Die beßte Stelle zur Einpflanzung der Augen oder Knospen dieses Baumes (und
wahrscheinlich auch anderer Baͤume aͤhnlicher Natur) ist in der
Naͤhe des oberen Endes des vorjaͤhrigen Holzes, also nahe an der Basis
des Jahres-Triebes, und wenn man diese kleinen Knospen, von welchen ich oben
sprach, in solche Stellen schnellwuͤchsiger Triebe oculiert, so schlagen sie
beinahe eben so sicher an, wie bei anderen Obstbaͤumen, wenn anders diese
Knospen etwas reifer sind, als jene der Staͤmme, in welche man sie
oculiert.
Die Vortheile, welche man auch bei der Fortpflanzung anderer Arten von Baͤumen
dadurch erhalten kann, daß man zum Oculieren Knospen oder Augen waͤhlt,
welche aͤlter sind, als jene an dem zu okulierenden Stoke, sind wichtig
genug, um Aufmerksamkeit zu verdienen, und sind, wie ich glaube, noch nicht allen
Gaͤrtnern und Baumschulen-Besizern bekannt.
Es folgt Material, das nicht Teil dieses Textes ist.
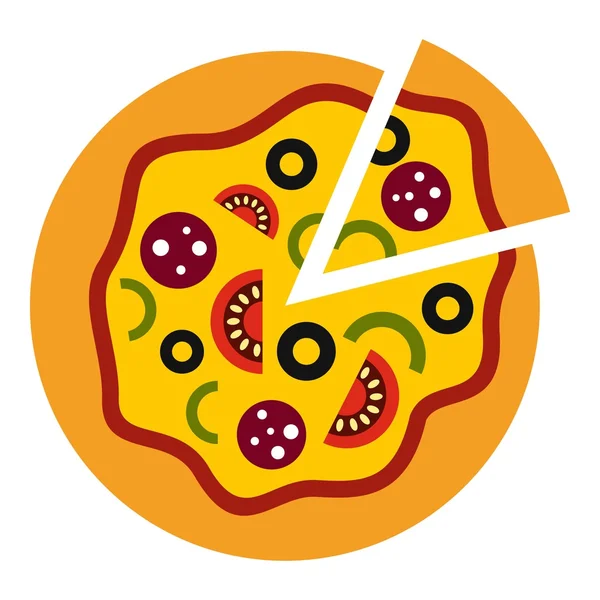 Pizza simgesi, düz stil — Stok Vektör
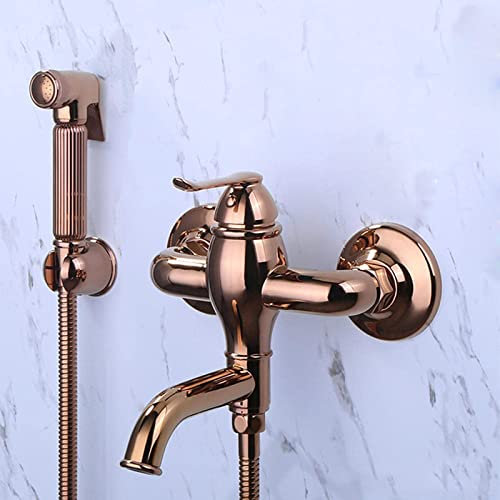 Wandmontierte Toilettenduschspray -Sprühmischer -Set Roségold mit drehbarem Outlet Bidet -Anhang Wasserhahn Sprühgerät für Toilettenbad Toilettenbidet Mixer Spray Kit, B (a)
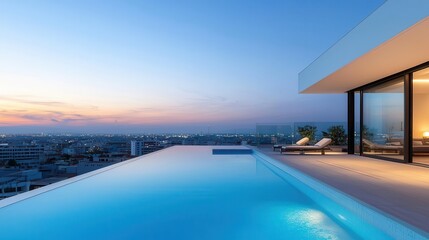 Fototapeta premium Rooftop plunge pool on a luxury townhouse, Real Estate TownhouseTownhome, urban resortstyle living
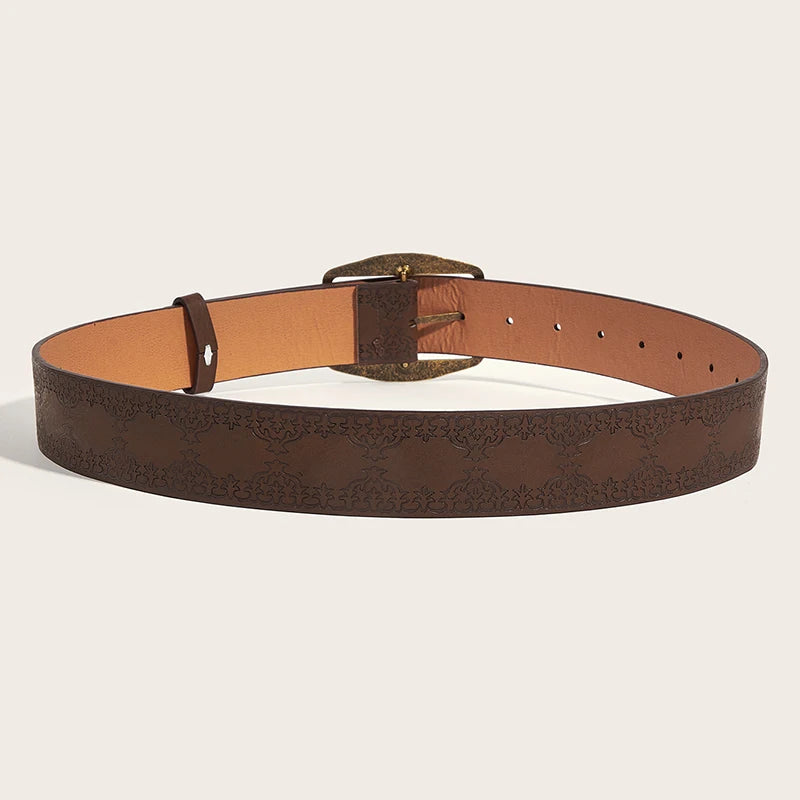 Finnian חגורה בסגנון רטרו אתני עם אבזם ברונזה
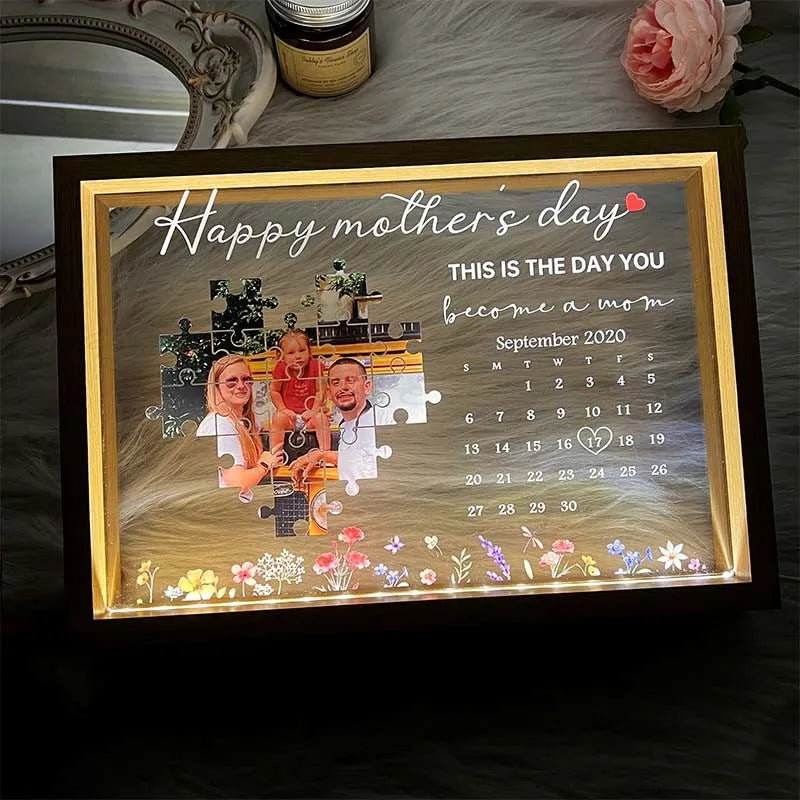 DIES IST DER TAG, AN DEM DU Mama wirst - Personalisierter Foto-Lichtrahmen - Perfektes Geschenk für Mama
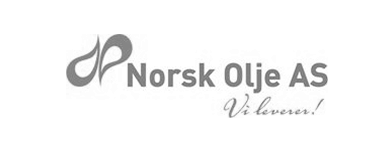 Logo of Norsk Olje AS with stylized letters and the slogan 'Vi leverer!'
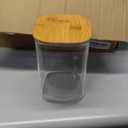 YUNCANG Glass Storage Jars 6 Pack 37oz Clear Glass Food Storage Containers with Airtight Bamboo Lid Stackable Kitchen Canisters for Candy,Cookie,Rice,Sugar,Flour,Pasta,Nuts and Spice Jars(Square)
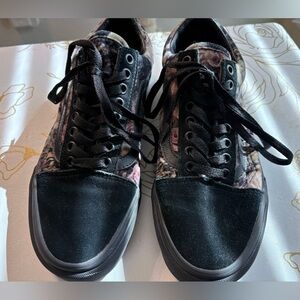 Vans old skool floral rose blossom black velvet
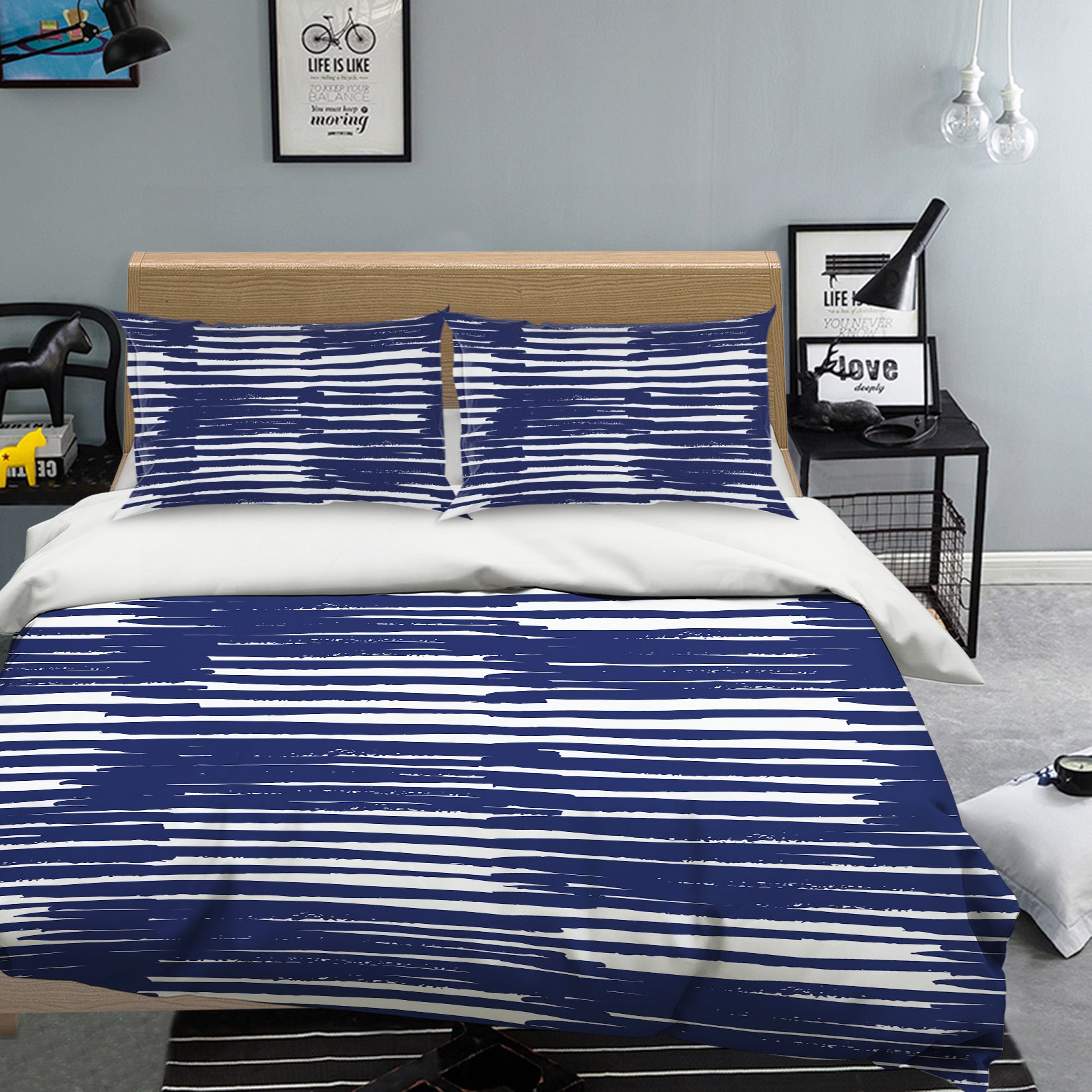 3D Blue Line Stripes 109164 Kashmira Jayaprakash Bedding Bed Pillowcases Quilt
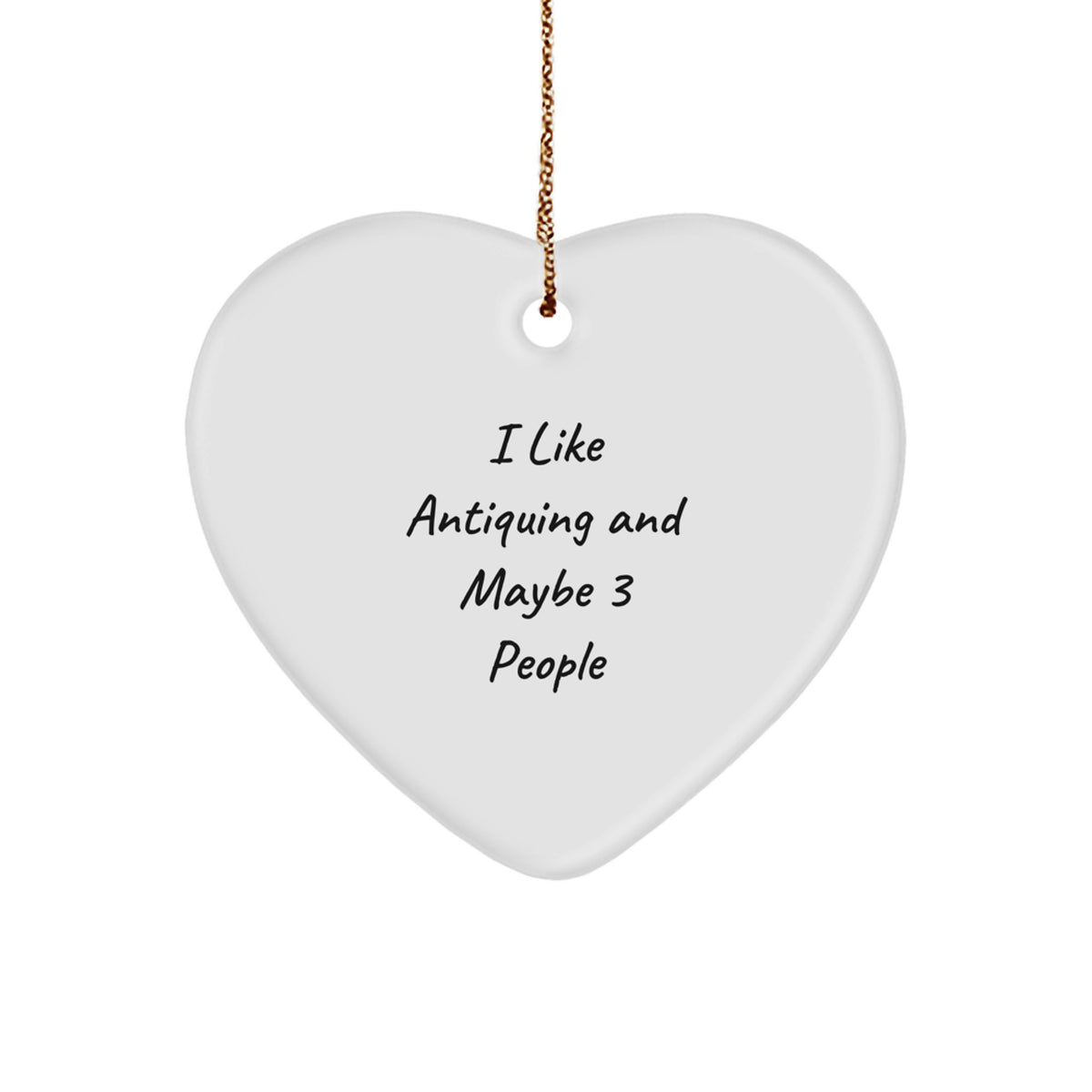 Christmas Gift Playful Antiquing Heart Ornament for Teens - I Like - Image 1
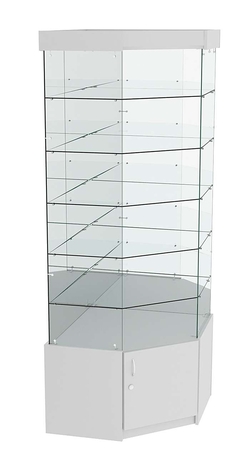 Витрина "Истра" угловая №9114, пятигранная, (З.С-зеркало), без дверей, Серый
Die reifere Knospen greift
unter uͤbrigens gleichen aͤußeren Umstaͤnden mit
groͤßerer Sicherheit unmittelbar ein; sie ist weit weniger der Gefahr
ausgesezt, waͤhrend des Winters zu Grunde zu gehen, und besizt die
schaͤzenswerthe Eigenschaft, seiten oder nie zu fruͤhe im Sommer zu
treiben, selbst dann, wenn man sie vor der gewoͤhnlichen Zeit, wenn der zu
okulierende Stamm im vollsten Safte steht, einsezt. Ich habe in verschiedenen Jahren
einige Hundert Pfirsich-Augen aus dem Treibhause genommen, und auf sehr
uͤppige Schoͤßlinge, die ich an der Wand im Freien zog, oculiert, und
nie ist mir der Fall vorgekommen, daß eines dieser Augen waͤhrend des Sommers
oder Herbstes aufgebrochen waͤre und vegetirt haͤtte; wenn ich aber
den Versuch umkehrte, und unreife Augen von den Pfirsichen an der Wand auf Aeste der
Pfirsich-Baͤume im Treibhause oculierte, brachen viele derselben, und
zu gewissen Zeiten alle, bald nach dem Oculieren auf, obschon zu der Zeit wo sie
oculiert wurden, die Baͤume im Treibhause beinahe alle aufgehoͤrt
hatten zu wachsen. Diese beiden Resultate waren, ich muß es gestehen, gegen meine
Erwartung; allem sie mußten nothwendig so ausfallen, in dem die reife Knospe schon
vor ihrer Verpflanzung bereits in einen Zustand von Ruhe versunken war, der ihrem langen
Winterschlafe natuͤrlich vorhergeht, und die Knospe der Baͤume an der
Wand sich noch in einem reizbareren Zustande ihrer Lebenskraft befand.
Wenn die reifen Augen von einem Pfirsich-Baume im Treibhause genommen werden,
und Bluͤthen enthalten, koͤnnen sie sehr weit verschikt werden, und
werden doch im naͤchsten Fruͤhjahre nach Fruͤchte bringen. Ich
erhielt auf diese Weise Fruͤchte aus Bluͤthen-Knospen, die man
mir aus der Naͤhe von London sandte, und zweifle nicht, daß ich sie auch aus
Bluͤthen-Knospen von Paris und aus dem suͤdlichen Frankreich
erhalten wuͤrde, wenn sie gut gepakt versendet werden. In diesem Falle ist es
aber noͤthig, das Holz der Bluͤthen-Knospe recht duͤnn
zuzuschneiden, statt daß man dasselbe ganz herauszieht, und eben dieser Handgriff
wird auch dort sehr vortheilhaft seyn, wenn man Augen aus einem Treibhause nimmt, wo
die Frucht zur fruͤheren Reife getrieben wurde, und dieselben auf
Baͤume, die im Freien stehen, oculieren will.